Most 8 phase X48 boards will only do near 500Mhz FSB and this is VR and capacitance compensation limitations of their designs. P45 boards even with 16 phases unless the ones in question are priced at the same point as X48 counterparts are crippled by use of cheaper components to save costs of production, and it becomes like winning the lottery some win first try, others never win at all. If you are lucky to get a P45 board that does somehow pull over 500Mhz FSB on a quad core then you are one in very few who actually have achieved it.
Only two boards designed for this task are Asus Rampage Extreme and Foxconn Blackops and both when not crippled by either CPU or DRAM falling flat on their face first can and will achieve some very high extremely stable FSB frequencies as a result of either never exceeding their design or not finding a CPU that is perfect enough to exceed its abilities.
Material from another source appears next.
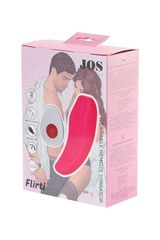 Розовый вибратор FLIRTY для ношения в трусиках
If by correctly setting up both clock skews and GTLs you are still stuck and can't get farther there is a damn good chance that CPU is losing coherency or DRAM timings can not be tight enough as required because of inconsistent IC limitations or ability. Sometimes it can be this, more times than not it is what happens when you become consumed on making one set of values work that just cant work, and if this happens best thing to do is step back for a bit start from the beginning at a different point and make your way back up there with new values. It's being able to cut your losses and start fresh that will be difference some of the time between making a setup work or not at a certain FSB frequency. Not all FSB frequencies are worth using anyway, sometimes 1 or 2Mhz either way is all it takes to get the system running smooth.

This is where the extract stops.